- Work instruction
From the entries below, copy out every line with "Series" in it.

- Data entries
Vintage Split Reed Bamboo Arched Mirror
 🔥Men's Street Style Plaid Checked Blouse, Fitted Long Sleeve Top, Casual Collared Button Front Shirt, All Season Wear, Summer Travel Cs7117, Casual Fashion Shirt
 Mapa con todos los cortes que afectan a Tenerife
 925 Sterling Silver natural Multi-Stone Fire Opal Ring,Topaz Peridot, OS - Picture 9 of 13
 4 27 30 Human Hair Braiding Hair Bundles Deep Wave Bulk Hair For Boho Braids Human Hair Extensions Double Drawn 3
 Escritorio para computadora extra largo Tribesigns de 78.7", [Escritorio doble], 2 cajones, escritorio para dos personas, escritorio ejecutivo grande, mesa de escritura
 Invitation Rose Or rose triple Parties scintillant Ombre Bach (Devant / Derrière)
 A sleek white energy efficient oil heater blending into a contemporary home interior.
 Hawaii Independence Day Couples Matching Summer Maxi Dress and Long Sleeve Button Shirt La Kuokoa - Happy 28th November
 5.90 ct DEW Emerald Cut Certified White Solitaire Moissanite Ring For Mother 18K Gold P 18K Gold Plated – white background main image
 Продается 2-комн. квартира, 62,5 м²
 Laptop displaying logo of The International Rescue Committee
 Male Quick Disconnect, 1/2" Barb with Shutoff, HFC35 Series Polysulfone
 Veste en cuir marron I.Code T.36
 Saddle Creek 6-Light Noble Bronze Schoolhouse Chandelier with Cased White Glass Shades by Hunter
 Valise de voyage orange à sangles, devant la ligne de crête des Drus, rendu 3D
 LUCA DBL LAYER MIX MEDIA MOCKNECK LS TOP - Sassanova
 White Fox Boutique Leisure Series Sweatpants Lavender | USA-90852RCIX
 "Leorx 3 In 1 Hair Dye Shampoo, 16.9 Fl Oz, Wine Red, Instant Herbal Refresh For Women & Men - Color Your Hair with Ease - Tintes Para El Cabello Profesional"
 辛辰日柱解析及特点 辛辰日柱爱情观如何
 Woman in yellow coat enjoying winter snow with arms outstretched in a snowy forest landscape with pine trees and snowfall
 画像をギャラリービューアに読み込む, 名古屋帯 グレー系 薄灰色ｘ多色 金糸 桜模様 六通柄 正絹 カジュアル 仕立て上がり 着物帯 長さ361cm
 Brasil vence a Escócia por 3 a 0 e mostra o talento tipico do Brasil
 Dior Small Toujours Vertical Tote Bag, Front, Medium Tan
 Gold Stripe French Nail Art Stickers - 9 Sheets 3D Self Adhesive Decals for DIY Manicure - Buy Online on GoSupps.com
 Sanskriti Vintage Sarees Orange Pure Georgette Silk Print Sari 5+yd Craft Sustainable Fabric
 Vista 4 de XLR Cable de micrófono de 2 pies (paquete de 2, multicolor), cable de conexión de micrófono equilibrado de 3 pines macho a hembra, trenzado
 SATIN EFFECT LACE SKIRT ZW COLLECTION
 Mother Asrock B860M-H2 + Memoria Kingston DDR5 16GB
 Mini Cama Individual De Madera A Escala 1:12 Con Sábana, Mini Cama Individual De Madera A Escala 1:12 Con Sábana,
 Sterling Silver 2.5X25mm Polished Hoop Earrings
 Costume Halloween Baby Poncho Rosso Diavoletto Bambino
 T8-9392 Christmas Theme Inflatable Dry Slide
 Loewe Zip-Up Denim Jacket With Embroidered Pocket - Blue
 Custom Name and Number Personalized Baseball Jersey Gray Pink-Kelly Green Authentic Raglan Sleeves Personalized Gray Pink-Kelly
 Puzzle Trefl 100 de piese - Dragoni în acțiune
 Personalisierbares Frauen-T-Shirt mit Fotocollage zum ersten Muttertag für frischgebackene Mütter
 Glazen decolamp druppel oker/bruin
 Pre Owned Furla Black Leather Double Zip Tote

- Solution to the exercise
 Male Quick Disconnect, 1/2" Barb with Shutoff, HFC35 Series Polysulfone
 White Fox Boutique Leisure Series Sweatpants Lavender | USA-90852RCIX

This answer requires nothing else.